One of the interesting things about the software industry is its historical inattention to its byproducts. As 37signals’ Jason Friedman describes, industries from lumber to soybeans have had great success turning the byproducts of their industries into saleable products, into revenue. Most technology businesses today have similar opportunities around their data, but comparatively are leveraging this byproduct in any meaningful way.
A notable exception to this trend has been New Relic, who – for the sake of disclosure – is a RedMonk customer. As far back as April 2009, the team there has been examining data generated by their SaaS application performance management tool to extract Ruby specific insights, one output of which was their “State of the Stack” reports. Examining Ruby traction by version, plugin/gems usage and more, these posts examined trends across the thousands of running nodes monitored by New Relic.
Knowing that we at RedMonk have an interest in developer related datasets and insights, New Relic kindly offered to share with us some anonymized data regarding not just Ruby, but Java, PHP and Python datasets as well. The result is this broader “State of the Stacks” post, which explores some of the same version questions, but also expands the scope to application usage, database preferences and more. What we’re trying to do is comb New Relic’s varied datasets to explore questions important to specific communities, as well as a few broader trends. If there are other areas you’re interested in not covered here, please feel free to suggest them in the comments below.
Before proceeding, it’s necessary to state up front that RedMonk is not asserting that New Relic’s data is statistically representative of the market as a whole, or even of the specific communities surveyed. It reflects strictly New Relic users. That said, because the New Relic community represents tens of thousands of nodes monitored which collectively generate billions of transactions daily, we do believe the dataset represents a rare opportunity for direct observation of adoption and usage patterns within one very sizable community. Regarding the Java and PHP data which is being reported here for the first time, as well, New Relic would like to add the following caveat:
This is a partial-yet-statistically relevant sample size from the New Relic customer base, which has 24,000 actively-reporting accounts as of this writing”
In general, then, consider this an interesting look at observational data culled from a very large community, and use caution when attempting to use this research out of context.

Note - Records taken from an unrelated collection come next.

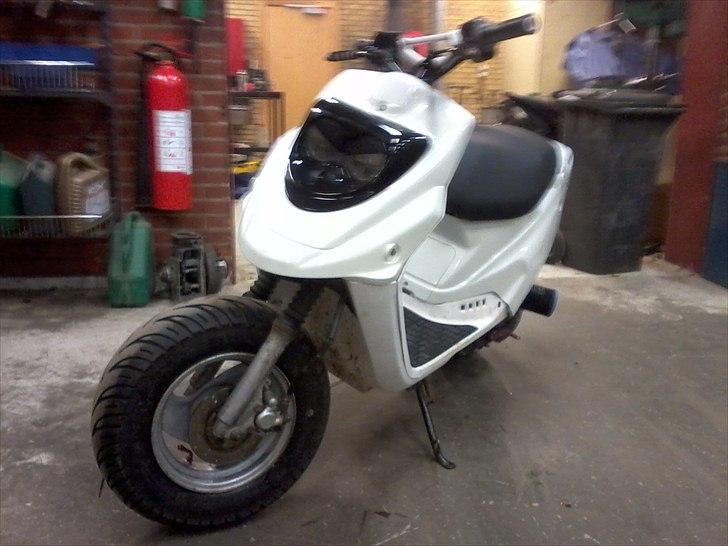 PGO Hot50 (Efter) [Byttet] billede 9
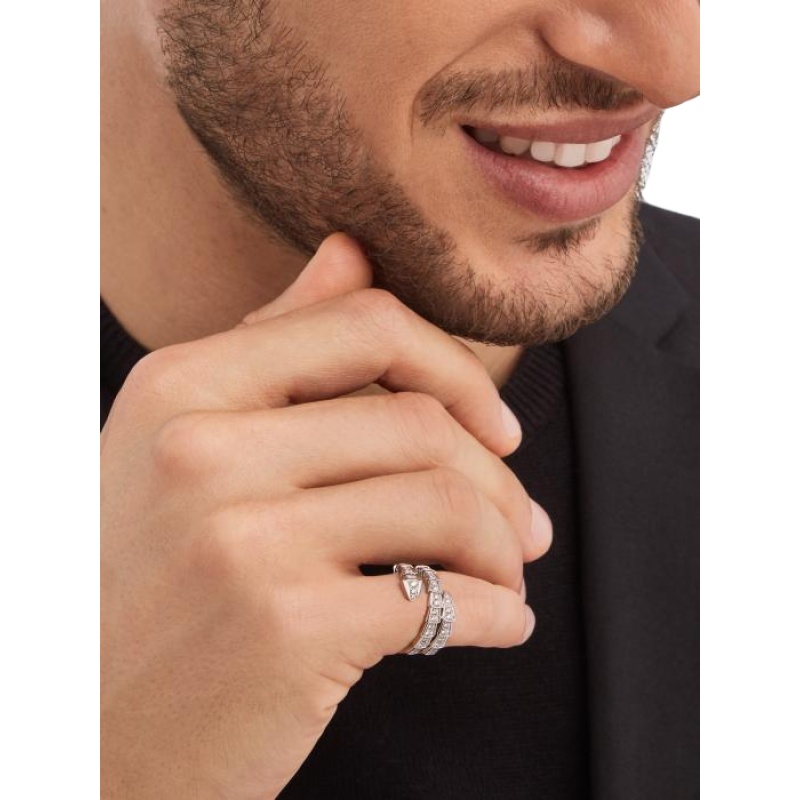 Serpenti Viper Ring Serpenti Viper Ring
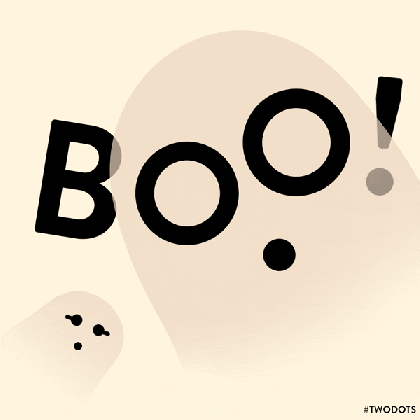 two dots halloween gif by dots find share on giphy medium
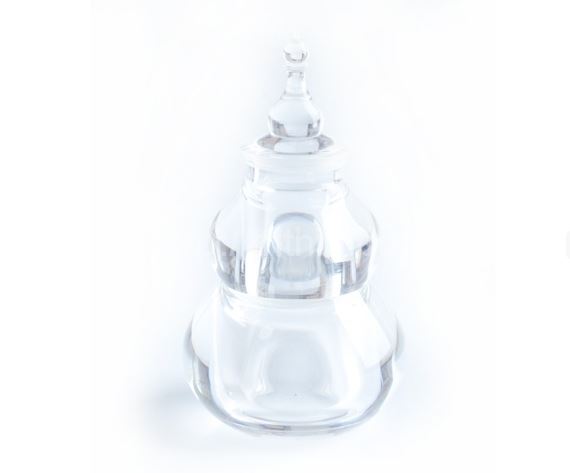 ผอบใสอะคริลิค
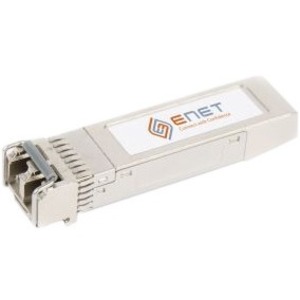 ENET Arris 580943-009-00 Compatible TAA Compliant Functionally Identical 1000BASE-CWDM SFP 1470nm 80km DOM SMF Duplex LC Connector eTemp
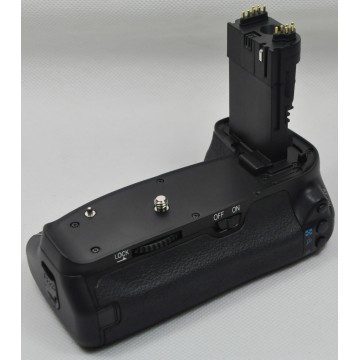 Battery Grip For Canon BG-E9 EOS 60D Camera - UK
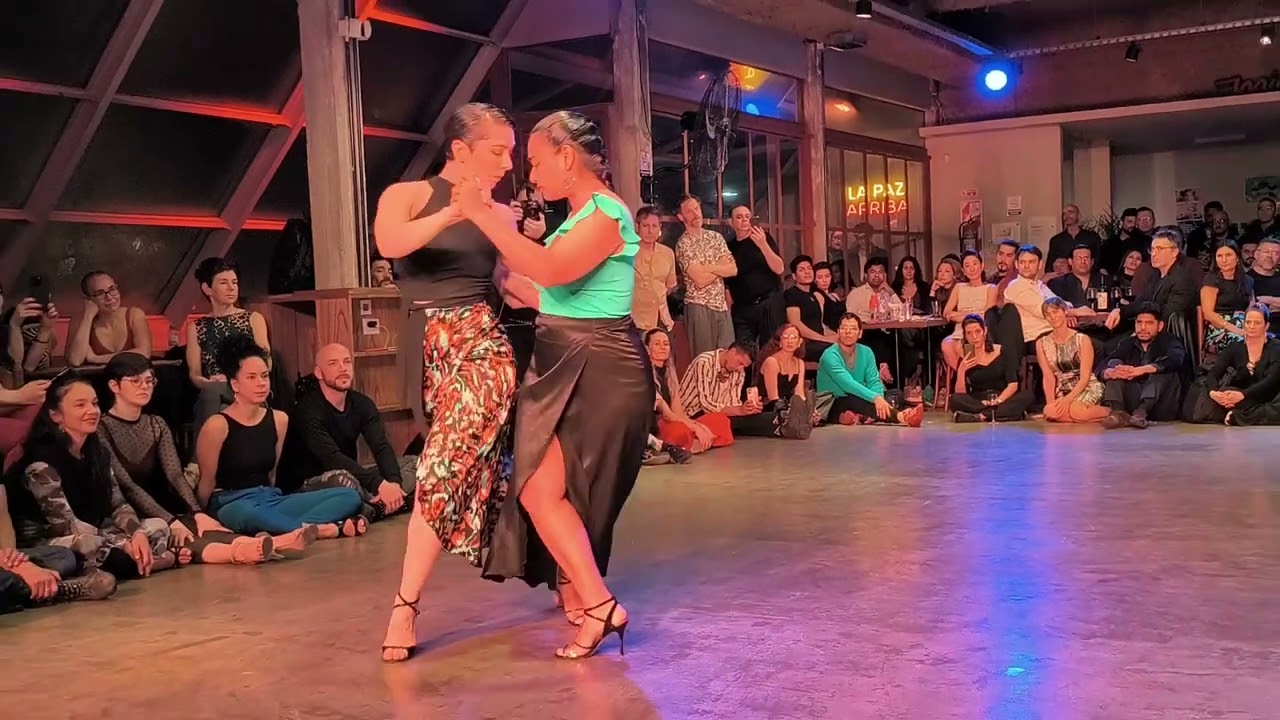 Ines Muzzopappa & Corina Herrera - D'Arienzo - Laborde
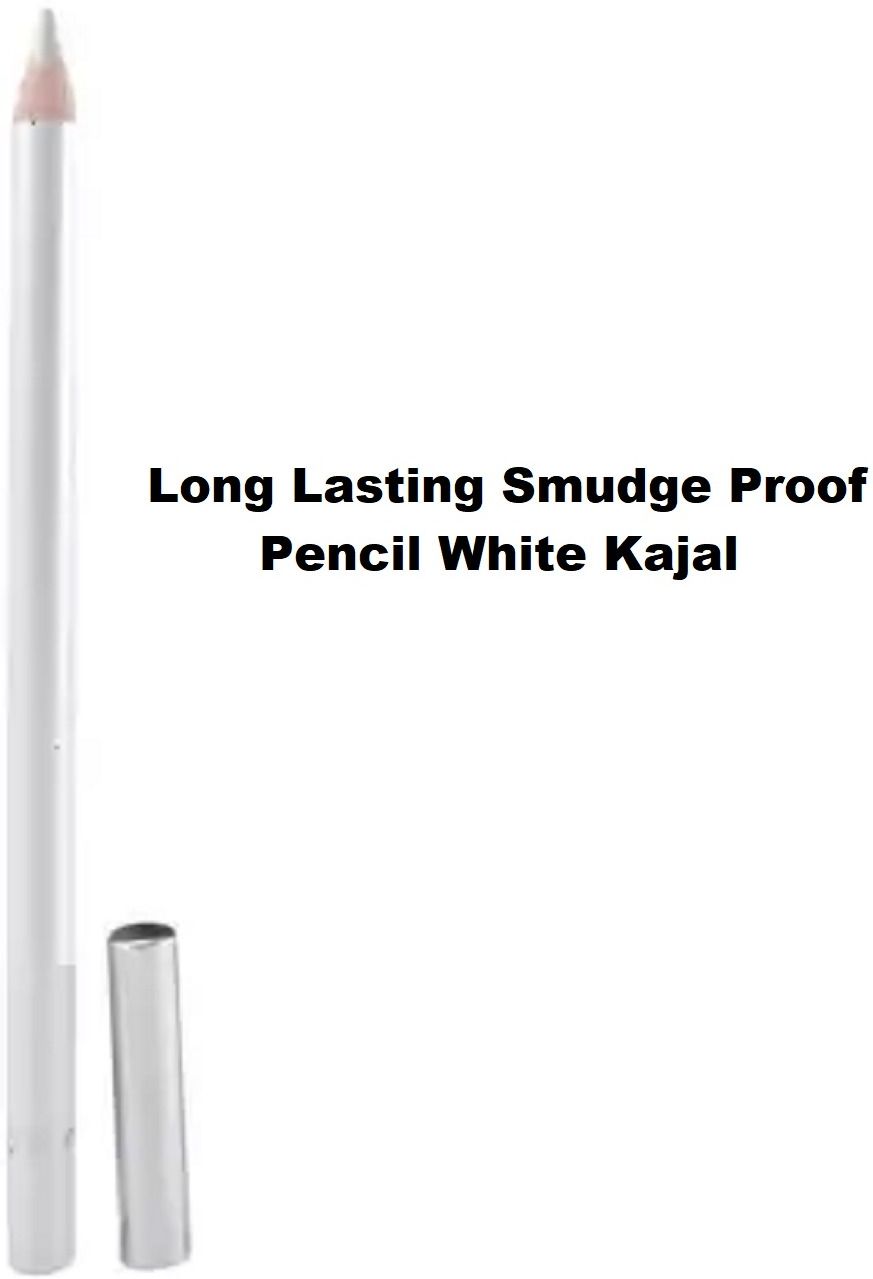 aylily Best White Kajal Eyeliner Pencil Waterproof-picture-8
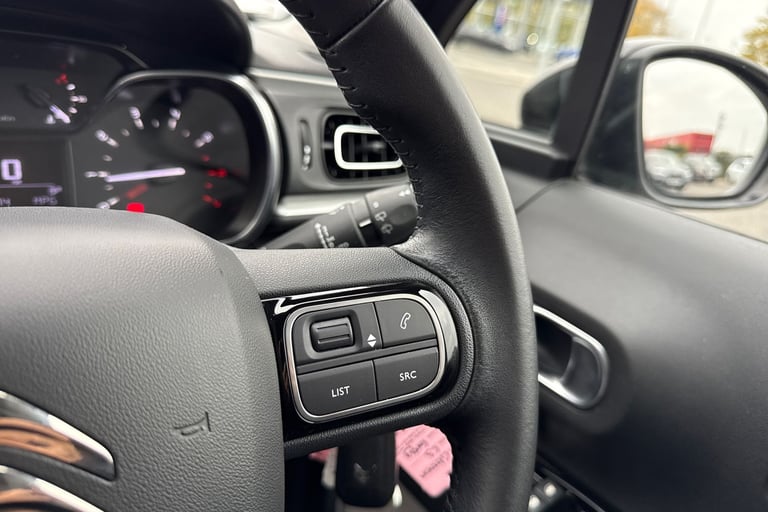 2019 Citroen C3 1.2 PureTech 110 Flair 5dr [6 Speed] HATCHBACK PETROL Manual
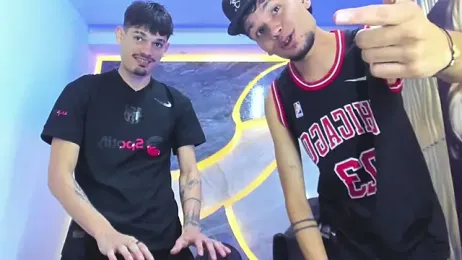 Iam_Steven webcam model stream image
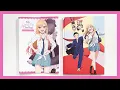 Lagu Flip Through | My Dress Up Darling | Official Anime Fanbook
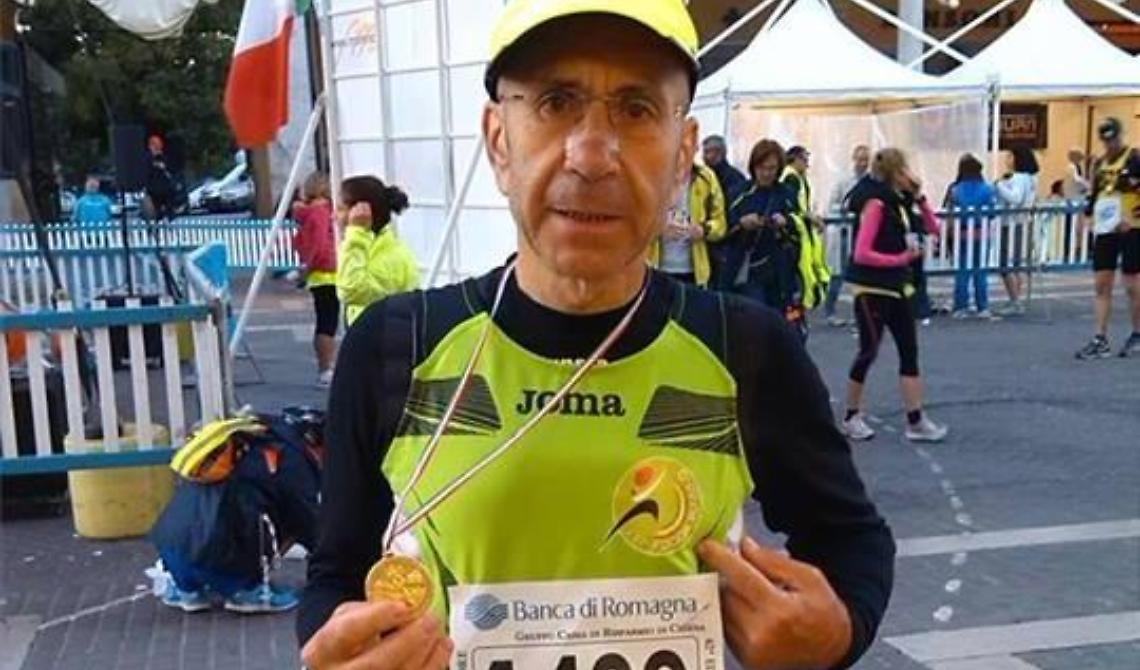 Pietro Salcuni e il running: un amore lungo 237 kilometri
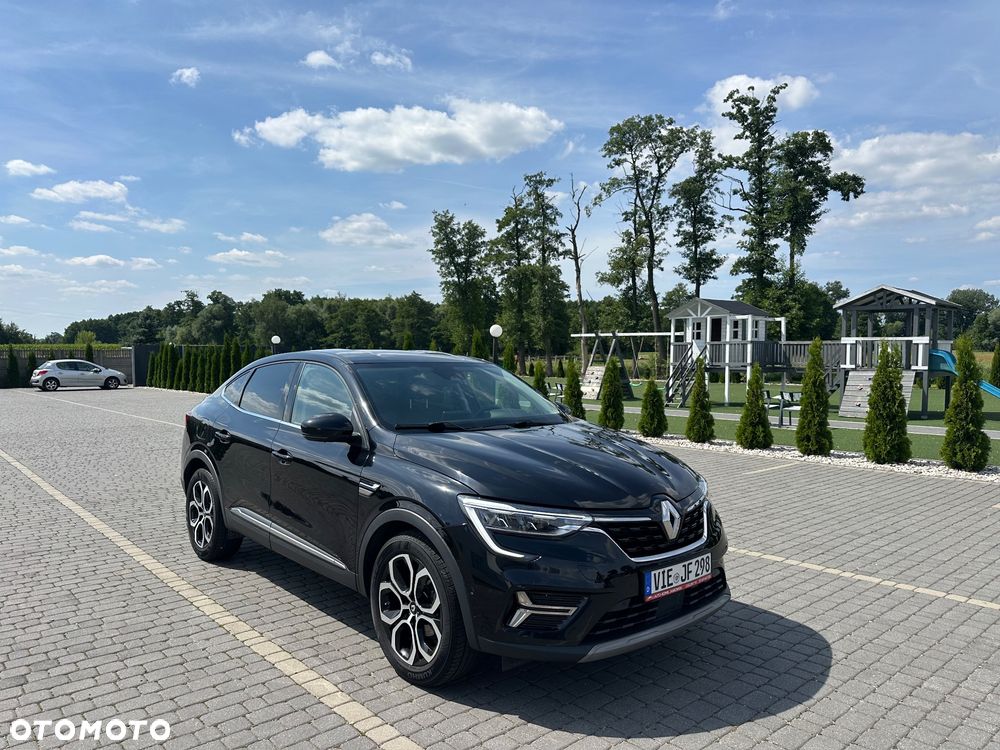 Renault Arkana TCe Mild Hybrid 140 EDC Techno - 19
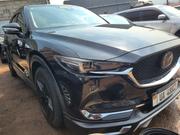 Mazda CX-5 2.2 Diesel FWD 2017 Blue for sale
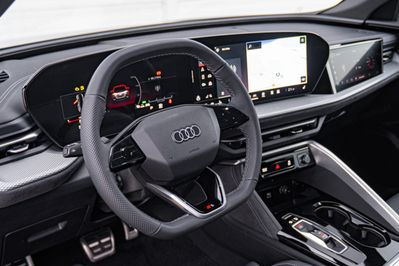 Audi Q5 TFSI quattro S line Sportback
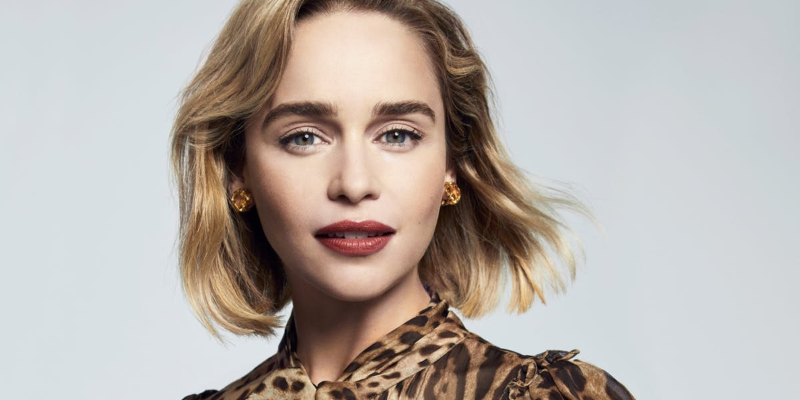 Emilia Clarke is the latest star to champion this Lebanese shoe designer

Whether they’re writing applications in Java or alternative languages such as Scala, the heart of every Java instance is a Java Virtual Machine (JVM). One of the questions we set out to explore, consequently, was which vendors’ JVM was most popular amongst New Relic customers. Perhaps unsurprisingly, among the JVMs surveyed, Sun’s iteration was by far and away the most popular (89.4%). The third (de facto second) place finish of Apple at 3.2%, however, was a mild surprise, given the server-side nature of New Relic’s offering.
In a post from January of this year, meanwhile, New Relic explored the gains open source Java application servers like Jetty and Tomcat had made at the expense of commercial alternatives like WebLogic or WebSphere. Our analysis of an up to date snapshot confirmed the dominance of the open source Java app servers. Three of the four most popular app servers were open source, with Apache Tomcat more popular than every other application server combined, commercial or open source. Among commercial Java application servers, interestingly, JRun was the most popular. WebSphere, meanwhile, was roughly twice as popular as WebLogic.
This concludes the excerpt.